After living with her parents and then on the current rue Visconti, the woman of letters Louise de Kéralio moved to the rue de Condé. Here, she continued to publish her political newspaper Le Mercure National that she founded and which, very early on, published Republican ideals. It was in her columns where she proposed that all French people use the familiar “tu” form when speaking to one another instead of the more formal “vous” and the designations “Sir” and “Madam” be replaced with “citizen,” a sign of equality and fraternity!
Louise de Kéralio: a revolutionary, but not a feminist!
Louise de Kéralio was also a member of the Fraternal Society of Patriots of Both Sexes, a sort of co-ed political group: rather rare in the 18th century! And when she married the lawyer Robert, she was one of the few people to keep her maiden name, by signing it as “Louise Kéralio-Robert.” And yet, she never imagined real collective emancipation for women: like the majority of her contemporaries, she was persuaded that men were much more capable of governing.

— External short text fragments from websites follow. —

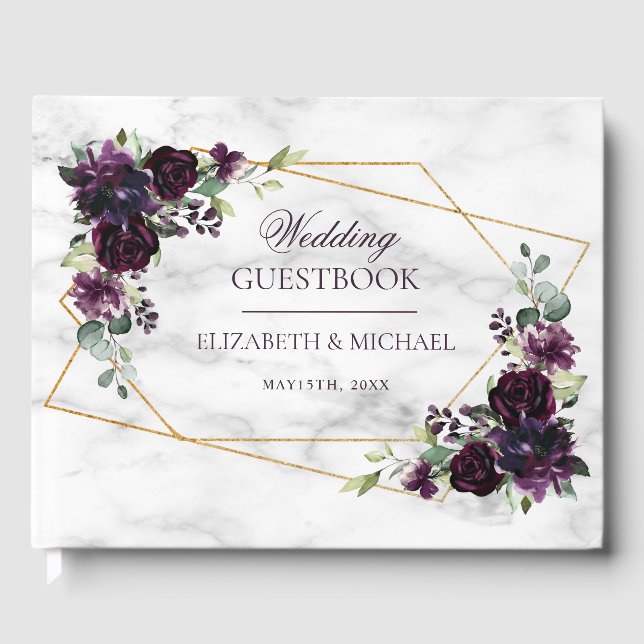 Elegant Gold Geometric Plum Purple Marble Wedding Guest Book (Front)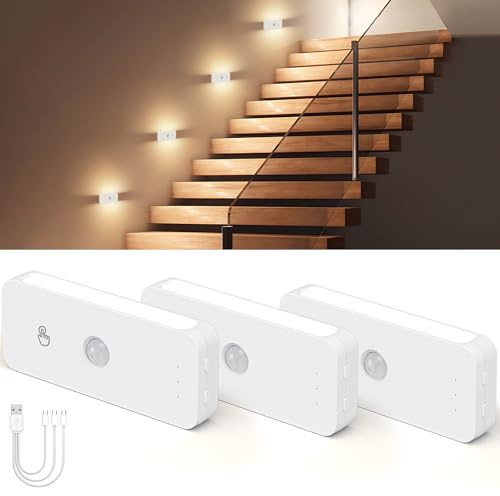 WUYOR Nattlampa med rörelsedetektor, induktionsvägglampa, uppladdningsbar LED-nattlampa för barn, 3 färgtemperaturlägen, garderobsbelysning för hall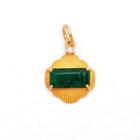 Real Zambian Emerald Charm Pendant  diamond Women Pendant  18k Solid Gold Charm
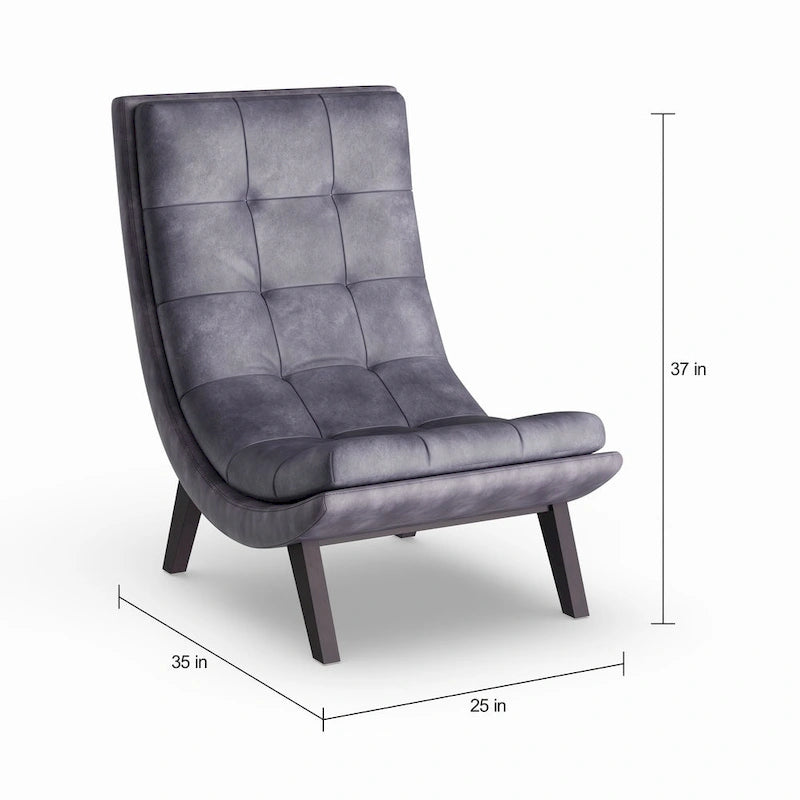Set poltrona lounge e poggiapiedi Ornette in similpelle di Strick & Bolton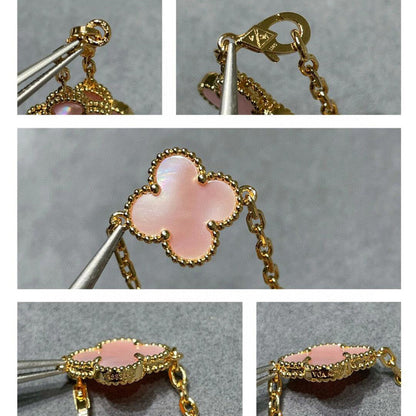 [Camiery]CLOVER 10 MOTIFS PINK MOP NECKLACE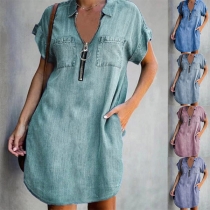 Casual Old-washed Half-zipper Short Sleeve Denim Dress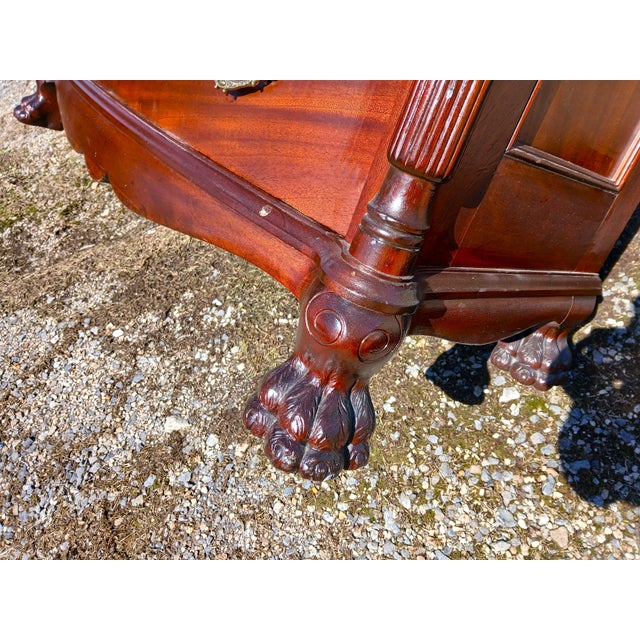 Antique Victorian Mahogany Chest of Drawers W Claw Feet and Six Drawers 1930s For Sale - Image 13 of 18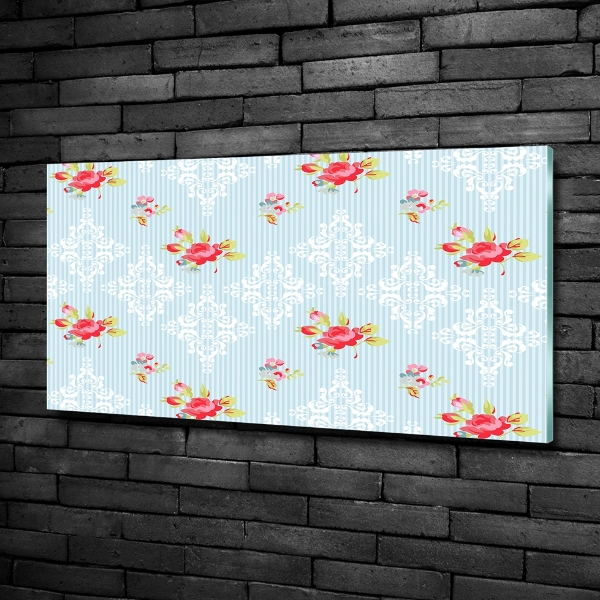 Foto en cristal de alta calidad con impresión uv horizontal Rosas y adornos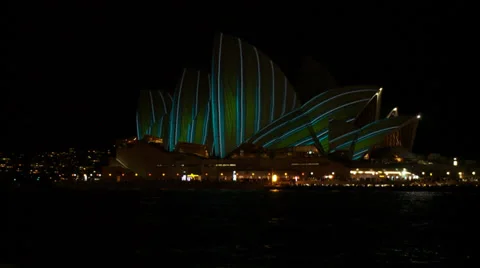 Light show on Sydney Opera House 库存影片 34260093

For example, following the Women’s march to Versailles in October 1789, she wrote that women are “more sensitive in every way, excited by their husbands and children’s needs, elated by the cry of love & nature past the limits of their standard courage.” (Journal d’Etat et du citoyen, I, 10, October 8, 1789, p. 176)
In 1790, she went even further and suggested that women needed to stay at home:
“I do not think that women could ever have any active part in government, & I think that the best thing the constitution could do for public propriety would be to remove them from it forever. Women reign in despotic countries, which is to say that they must be bad at governing a free country” (Mercure National 1, II, 1, April 18, 1790, p. 26-27).